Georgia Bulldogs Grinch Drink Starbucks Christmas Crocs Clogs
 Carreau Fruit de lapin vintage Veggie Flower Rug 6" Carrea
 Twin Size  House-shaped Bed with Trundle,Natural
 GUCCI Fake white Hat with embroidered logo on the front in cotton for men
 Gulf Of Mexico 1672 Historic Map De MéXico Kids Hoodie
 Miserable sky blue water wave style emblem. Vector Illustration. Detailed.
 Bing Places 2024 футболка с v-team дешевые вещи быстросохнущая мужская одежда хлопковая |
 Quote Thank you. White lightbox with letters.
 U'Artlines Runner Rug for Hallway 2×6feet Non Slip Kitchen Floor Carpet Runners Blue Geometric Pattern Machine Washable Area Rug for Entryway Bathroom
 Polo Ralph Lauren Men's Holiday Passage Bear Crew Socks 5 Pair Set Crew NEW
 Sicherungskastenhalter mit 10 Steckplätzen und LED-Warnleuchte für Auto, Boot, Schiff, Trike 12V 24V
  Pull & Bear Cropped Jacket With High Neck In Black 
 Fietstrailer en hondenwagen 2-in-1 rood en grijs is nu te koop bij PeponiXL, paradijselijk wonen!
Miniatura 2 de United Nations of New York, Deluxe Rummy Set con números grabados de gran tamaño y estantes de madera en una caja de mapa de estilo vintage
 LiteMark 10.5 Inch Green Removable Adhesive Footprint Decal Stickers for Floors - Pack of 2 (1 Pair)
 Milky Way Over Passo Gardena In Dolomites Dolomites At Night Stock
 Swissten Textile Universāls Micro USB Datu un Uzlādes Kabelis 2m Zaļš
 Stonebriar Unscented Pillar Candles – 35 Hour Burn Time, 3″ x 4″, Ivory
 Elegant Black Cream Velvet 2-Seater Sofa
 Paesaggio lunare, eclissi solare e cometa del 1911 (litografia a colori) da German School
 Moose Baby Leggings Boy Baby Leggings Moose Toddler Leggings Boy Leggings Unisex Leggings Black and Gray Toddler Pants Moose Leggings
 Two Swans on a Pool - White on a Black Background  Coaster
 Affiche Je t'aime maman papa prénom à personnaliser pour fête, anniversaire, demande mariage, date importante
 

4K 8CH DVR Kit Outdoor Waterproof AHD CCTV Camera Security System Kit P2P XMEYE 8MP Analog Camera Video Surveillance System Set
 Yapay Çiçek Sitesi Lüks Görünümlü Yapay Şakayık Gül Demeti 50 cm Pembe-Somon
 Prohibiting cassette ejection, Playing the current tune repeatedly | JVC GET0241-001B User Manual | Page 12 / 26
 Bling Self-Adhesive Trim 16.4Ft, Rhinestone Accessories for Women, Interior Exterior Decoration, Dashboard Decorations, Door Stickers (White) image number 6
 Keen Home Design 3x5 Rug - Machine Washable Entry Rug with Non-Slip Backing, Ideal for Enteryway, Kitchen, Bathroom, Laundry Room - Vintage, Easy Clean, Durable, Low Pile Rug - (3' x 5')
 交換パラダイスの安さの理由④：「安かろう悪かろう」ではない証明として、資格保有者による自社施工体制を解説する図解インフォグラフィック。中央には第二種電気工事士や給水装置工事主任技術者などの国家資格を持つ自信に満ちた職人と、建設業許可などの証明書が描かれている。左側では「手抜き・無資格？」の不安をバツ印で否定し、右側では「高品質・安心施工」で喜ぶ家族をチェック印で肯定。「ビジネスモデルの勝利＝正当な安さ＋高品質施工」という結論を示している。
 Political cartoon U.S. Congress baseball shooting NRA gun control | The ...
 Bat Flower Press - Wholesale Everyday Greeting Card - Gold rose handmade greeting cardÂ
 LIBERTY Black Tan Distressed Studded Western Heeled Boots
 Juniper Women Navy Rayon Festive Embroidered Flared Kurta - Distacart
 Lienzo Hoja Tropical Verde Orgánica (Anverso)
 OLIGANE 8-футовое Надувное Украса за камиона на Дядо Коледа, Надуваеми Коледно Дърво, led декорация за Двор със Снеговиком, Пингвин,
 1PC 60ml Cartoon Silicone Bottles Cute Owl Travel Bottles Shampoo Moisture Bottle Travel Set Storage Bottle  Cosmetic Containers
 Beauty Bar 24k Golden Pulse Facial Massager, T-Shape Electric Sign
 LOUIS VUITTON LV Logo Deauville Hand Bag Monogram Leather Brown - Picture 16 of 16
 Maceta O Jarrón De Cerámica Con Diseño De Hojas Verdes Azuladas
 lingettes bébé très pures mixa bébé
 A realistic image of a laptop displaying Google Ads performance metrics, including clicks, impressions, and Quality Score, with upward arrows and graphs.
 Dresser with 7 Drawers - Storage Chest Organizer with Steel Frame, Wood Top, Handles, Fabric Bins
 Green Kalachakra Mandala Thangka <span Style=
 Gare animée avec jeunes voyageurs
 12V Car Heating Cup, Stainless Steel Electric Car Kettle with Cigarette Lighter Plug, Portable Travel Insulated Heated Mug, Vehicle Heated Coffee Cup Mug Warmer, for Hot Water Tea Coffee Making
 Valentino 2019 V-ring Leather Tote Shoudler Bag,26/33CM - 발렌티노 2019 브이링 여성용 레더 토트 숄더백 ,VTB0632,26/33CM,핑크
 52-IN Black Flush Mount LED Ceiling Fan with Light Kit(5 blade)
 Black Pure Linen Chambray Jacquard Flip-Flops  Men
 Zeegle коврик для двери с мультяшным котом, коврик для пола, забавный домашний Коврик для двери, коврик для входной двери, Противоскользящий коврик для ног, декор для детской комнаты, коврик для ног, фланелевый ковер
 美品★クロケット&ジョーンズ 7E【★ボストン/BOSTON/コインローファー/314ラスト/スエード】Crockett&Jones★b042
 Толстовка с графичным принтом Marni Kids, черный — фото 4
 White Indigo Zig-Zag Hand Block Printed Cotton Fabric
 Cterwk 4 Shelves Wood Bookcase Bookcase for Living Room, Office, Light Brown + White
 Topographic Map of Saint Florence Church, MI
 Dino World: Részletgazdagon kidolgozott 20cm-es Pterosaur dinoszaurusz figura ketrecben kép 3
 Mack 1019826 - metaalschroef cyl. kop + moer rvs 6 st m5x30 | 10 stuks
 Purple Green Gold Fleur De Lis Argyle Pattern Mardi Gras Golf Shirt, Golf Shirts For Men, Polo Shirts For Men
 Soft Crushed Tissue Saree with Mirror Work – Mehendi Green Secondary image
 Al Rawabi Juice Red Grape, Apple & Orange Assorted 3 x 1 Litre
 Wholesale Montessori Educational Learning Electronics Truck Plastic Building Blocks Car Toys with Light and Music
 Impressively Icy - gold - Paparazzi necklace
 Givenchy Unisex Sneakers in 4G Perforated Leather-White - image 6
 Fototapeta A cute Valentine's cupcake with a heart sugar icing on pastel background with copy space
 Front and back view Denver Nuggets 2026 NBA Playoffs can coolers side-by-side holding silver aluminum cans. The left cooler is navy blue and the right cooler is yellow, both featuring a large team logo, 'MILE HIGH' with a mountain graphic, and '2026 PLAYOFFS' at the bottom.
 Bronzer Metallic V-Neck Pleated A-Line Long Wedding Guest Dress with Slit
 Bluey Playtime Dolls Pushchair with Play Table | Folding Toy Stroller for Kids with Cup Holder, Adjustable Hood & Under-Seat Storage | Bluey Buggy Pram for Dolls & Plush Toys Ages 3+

........

Retype, in the same exact form, the lines of the material above from the line holding "Dino World: Részletgazdagon" through the line holding "Fototapeta A cute".

**PROBLEM SOLUTION**
 Dino World: Részletgazdagon kidolgozott 20cm-es Pterosaur dinoszaurusz figura ketrecben kép 3
 Mack 1019826 - metaalschroef cyl. kop + moer rvs 6 st m5x30 | 10 stuks
 Purple Green Gold Fleur De Lis Argyle Pattern Mardi Gras Golf Shirt, Golf Shirts For Men, Polo Shirts For Men
 Soft Crushed Tissue Saree with Mirror Work – Mehendi Green Secondary image
 Al Rawabi Juice Red Grape, Apple & Orange Assorted 3 x 1 Litre
 Wholesale Montessori Educational Learning Electronics Truck Plastic Building Blocks Car Toys with Light and Music
 Impressively Icy - gold - Paparazzi necklace
 Givenchy Unisex Sneakers in 4G Perforated Leather-White - image 6
 Fototapeta A cute Valentine's cupcake with a heart sugar icing on pastel background with copy space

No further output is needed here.